Thursday, November 1, 2012: 9:45 AM
409 (Convention Center )
Odell L. Glenn Jr. and Michael A Matthews, Chemical Engineering, University of South Carolina, Columbia, SC

Previous work have shown that essential oils such as tea tree oil, lavender oil and lemon oil may act as acaricides, antimicrobial agents or antiseptic agents.  Liquid and supercritical CO2 may be a useful vehicle for delivery of these agents in a variety of indoor environments.  Tea tree oil (TTO) is the essential oil steam-distilled from Metaleuca alternifolia, an Australian native plant.  Several in vitro studies have investigated its antimicrobial properties and in recent years, TTO has become popular as a naturally occurring antimicrobial and antiseptic agent.  Lavender oil is an essential oil obtained by distillation from the flower spikes of certain species of lavender.  Like all essential oils, it is not a pure compound but a mixture of naturally occurring phytochemicals, including linalool and linyl acetate.
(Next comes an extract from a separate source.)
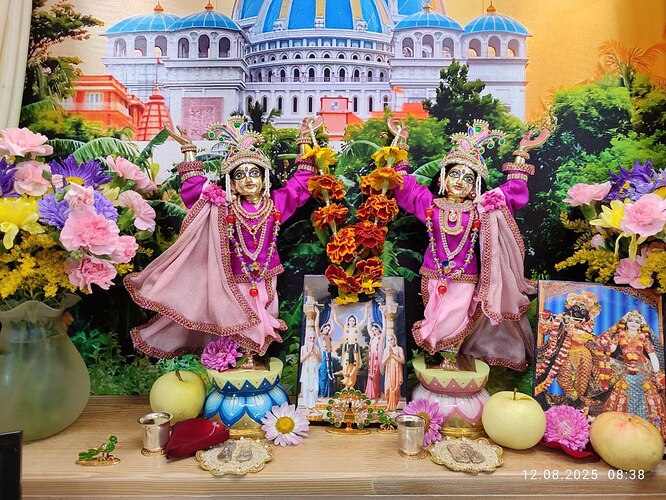 IMG_20250812_152910_656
Lemon oil is an essential oil extracted from lemon peels. Lemon oil is used in many personal care products, home cleaning products and furniture polishes.  Constituents of lemon oil include limonene, which is responsible for the aroma and citral, for what we recognize as the lemon note in the aroma profile.  We report the solubility of tea tree oil, lavender oil and lemon oil in compressed CO2 at several temperatures and pressures.  The Peng-Robinson equation has been used to model the phase behavior of each binary system.